La manipulation sémantique a consisté à classer toute œuvre esthètique dans la rubrique artisanat, décoration ou pastiche anachronique. Seul l’Art contemporain est qualifié d’art. Pour le « bien de l’humanité ». Son devoir est la critique de la société, sa dénonciation, déconstruction, détournement. Après 1991, son adaptation au « soft power » d’une Amérique désormais hégémonique, ajoute à la mission la défense des « valeurs sociétales » (écologie, genre, diversité) et va plus loin en faisant dire à Jeff Koons[2] : Mon travail combat la nécessité d’une fonction critique de l’art et cherche à abolir le jugement afin que l’on puisse regarder le monde et l’accepter dans sa globalité. L’affirmation de la vacuité, toujours pour le bien de l’humanité, rend ainsi la confusion sémantique totale. L’histoire de l’art, est ainsi devenue « story telling » à l’usage d’une stratégie de marketing.
Christine Sourgins a estimé alors important de cerner le contenu du mot Beauté, mot symétriquement le plus opposé à la définition conceptuelle de l’Art contemporain. Ce mot couvre tant de diversité, de complexité, d’histoire, d’images, qu’il a fallu beaucoup d’années et 5 livres pour y parvenir. Deux viennent de paraître : Anatomie de la Beauté et Géographie de la Beauté et sont aujourd’hui disponibles. Ils seront suivis de trois autres : Bienfaits de la Beauté, Beauté Singulière, Guerre à la beauté.

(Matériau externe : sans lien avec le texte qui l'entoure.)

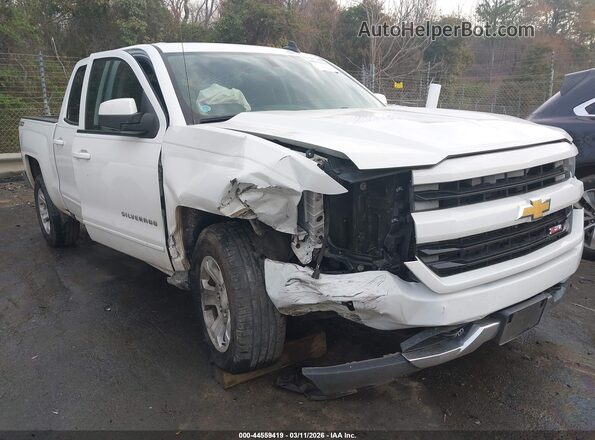 3GCUKRECXGG117206 2016 CHEVROLET SILVERADO Белый Передняя правая четверть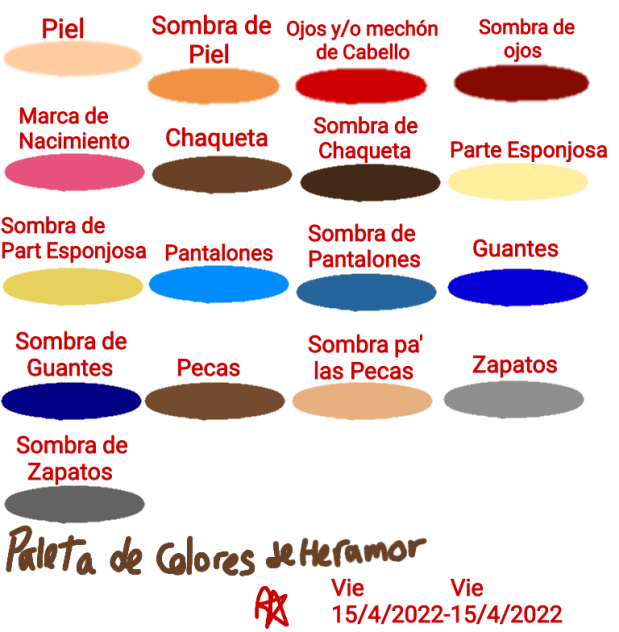 Paleta de Colores de Heramor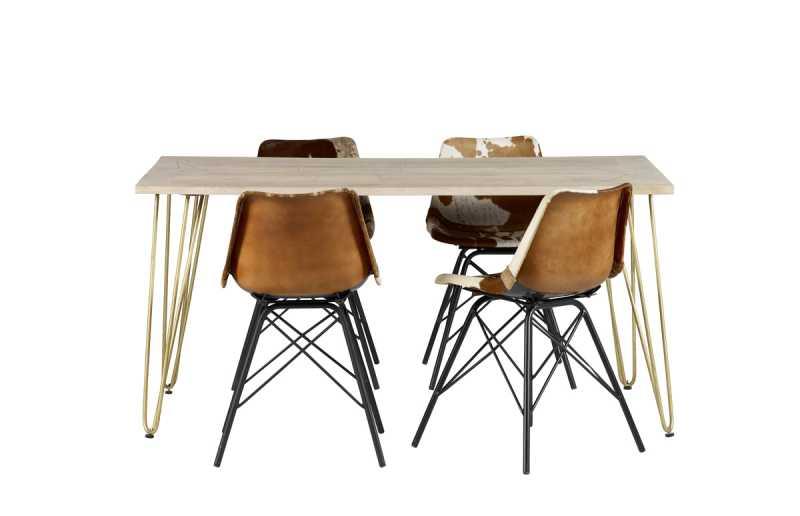 Light Gold Dining Table - View 3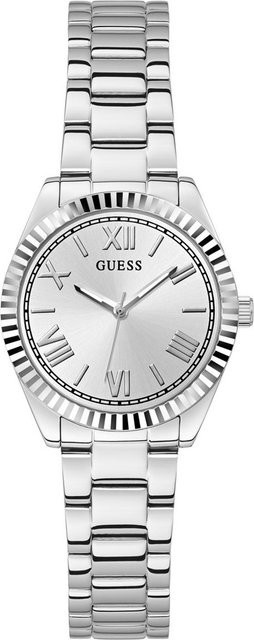 Guess Damenuhr Mini Luna, Quarz, Edelstahl, Silber, 30 mm - Bild 1
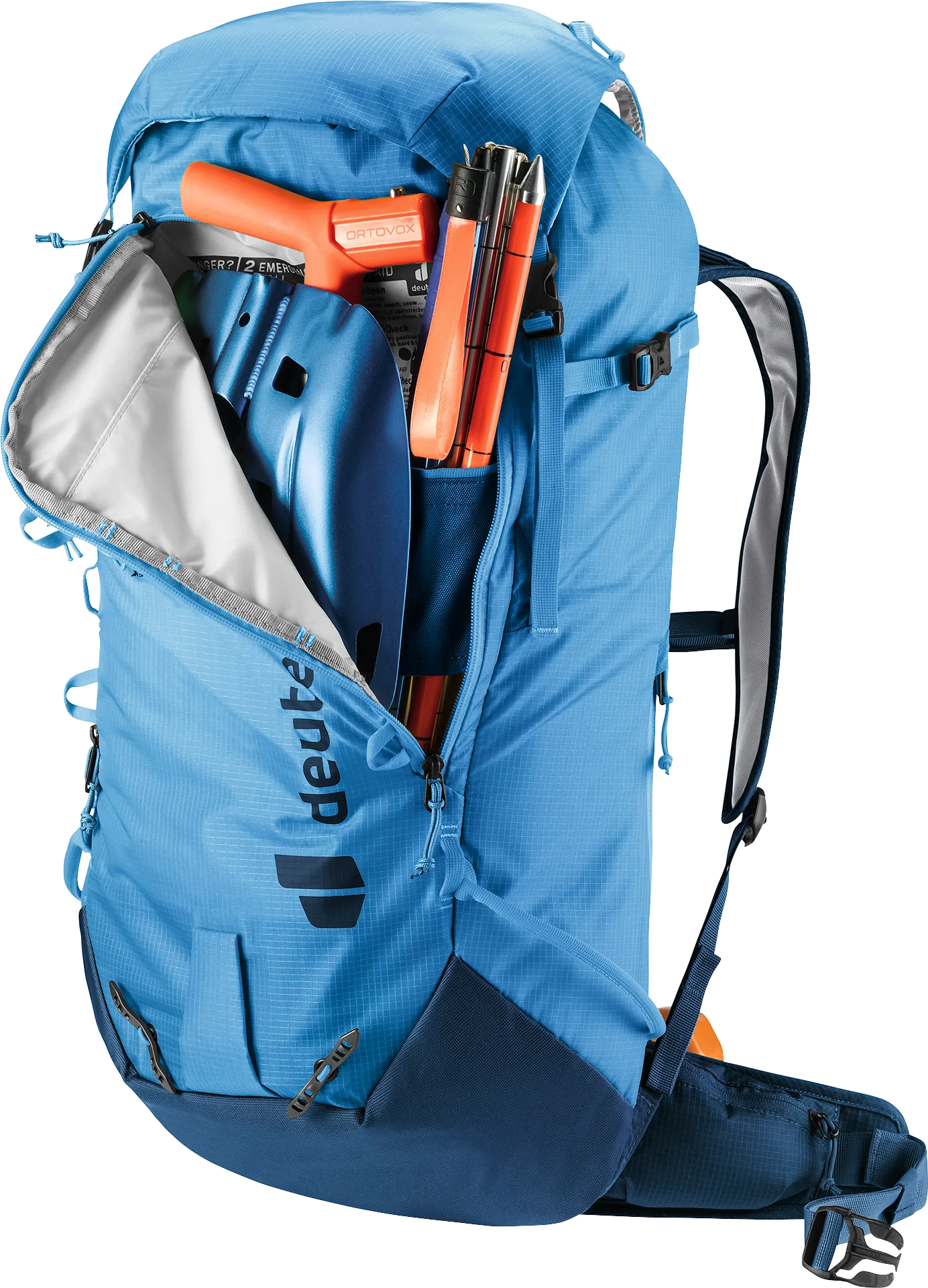 Bag, Backpack, backpack, hip belt, hydration, tool pocket, blue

L’éclaircissement sémantique de Christine Sourgins, a pris 300 pages pour les Mirages de l’Art contemporain, mais infiniment plus quand il s’est agi d’entrer dans la compréhension du mot Beauté où il ne peut pas être question d’énoncer une théorie mais de décrire une réalité. Tout était à reconsidérer après que la beauté ait été réduiteau subjectif, au joli, à la « déco » mais encore, jugée dogmatique, académique, formaliste, accusée d’élitiste, réservée aux riches, discriminante, opium du peuple. Pour être enfin être diabolisée, qualifiée de « fasciste ». Le mot Beauté, est alors devenu un tabou, interdisant tout débat sur l’art pendant un demi-siècle.

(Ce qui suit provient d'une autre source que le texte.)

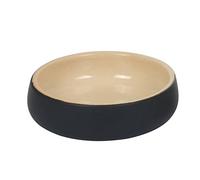 Nobby Soleno Ceramic Bowl, Black/Cream, Diameter 14 x 4.5 cm, 0.35 L, Pack of 1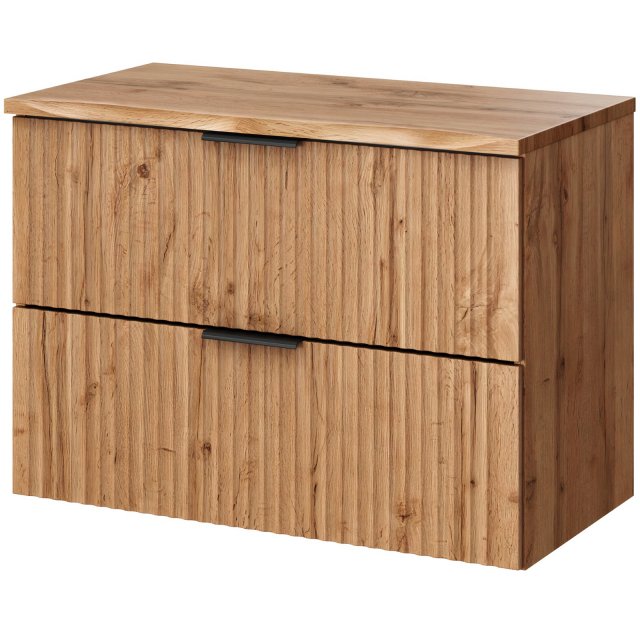 COMAD Szafka podumywalkowa ADEL OAK z blatem NATURE WOTAN 80 cm
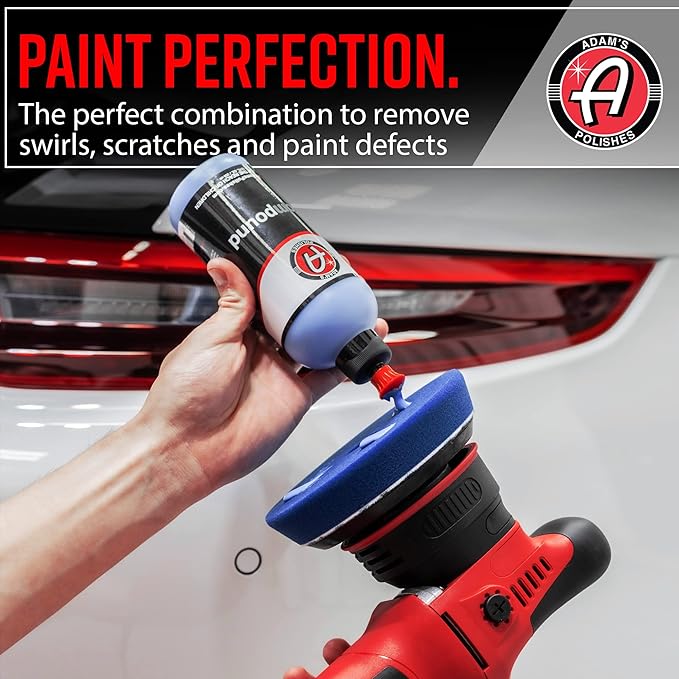 Adam's 9mm Dual Action Car Polisher - Buffer Car Scratch Remover for Car Detailing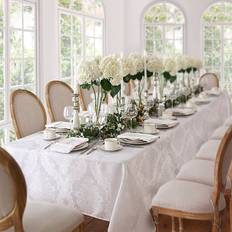 Elrene Home Fashions Burchfield Tablecloth Beige, White (259.1x152.4cm)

Ces livres permettent à ceux qui s’interrogent d’avoir les données, œuvres, faits historiques, interrogations que la beauté a suscitées tout au long des siècles. Ils donnent un « trousseau de clés » qui permet d’avancer dans notre propre questionnement. Christine Sourgins ne construit pas un concept de la beauté, un nouveau dogme qui s’ajoute aux précédents mais donne des instruments, des mots, des éléments de l’histoire. Elle fournit des outils, pour ouvrir un débat, construire une pensée que l’on ne peut plus écarter. La beauté a été vécue longtemps comme une évidence, elle est devenue objet de controverse au tournant du 19ème siècle avant de devenir un interdit après les années 60. Ce travail prend compte de ce demi-siècle marqué par la diabolisation de la Beauté. Ce contraste nous permet de mieux comprendre la profondeur de ce qu’elle évoque.

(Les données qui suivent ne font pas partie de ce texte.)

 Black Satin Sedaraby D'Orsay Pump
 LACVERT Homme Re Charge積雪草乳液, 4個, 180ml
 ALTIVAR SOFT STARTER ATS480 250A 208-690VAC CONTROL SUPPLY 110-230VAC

Cette somme sur la beauté artistique n’emprunte pas le langage et les méthodes d’analyse du philosophe, sociologue, économiste, juriste. Christine Sourgins se comporte en historienne d’art pragmatique et apporte des éléments de compréhension en passant aussi par l’expérience sensible de l’art permettant d’approcher une question devenue forte aujourd’hui : qu’est-ce que l’art ? Qu’est-ce que la beauté ? Question qui peut remettre en cause la doxa en vigueur
Aude de Kerros
[1] Christine Sourgins, Les Mirages de l’Art contemporain, La Table Ronde, 2005, en poche, actualisé chez Eyrolles en 2023. [2] L’artiste le plus hautement financiarisé : Rabbit, (qui existe en plusieurs exemplaires) a atteint le record de 9,1 millions de dollars en 2019.Christine Sourgins, Anatomie de la Beauté et Géographie de la Beauté, tout deux aux Éditions Boleine, 2025, 200 pages et 15 € chacun.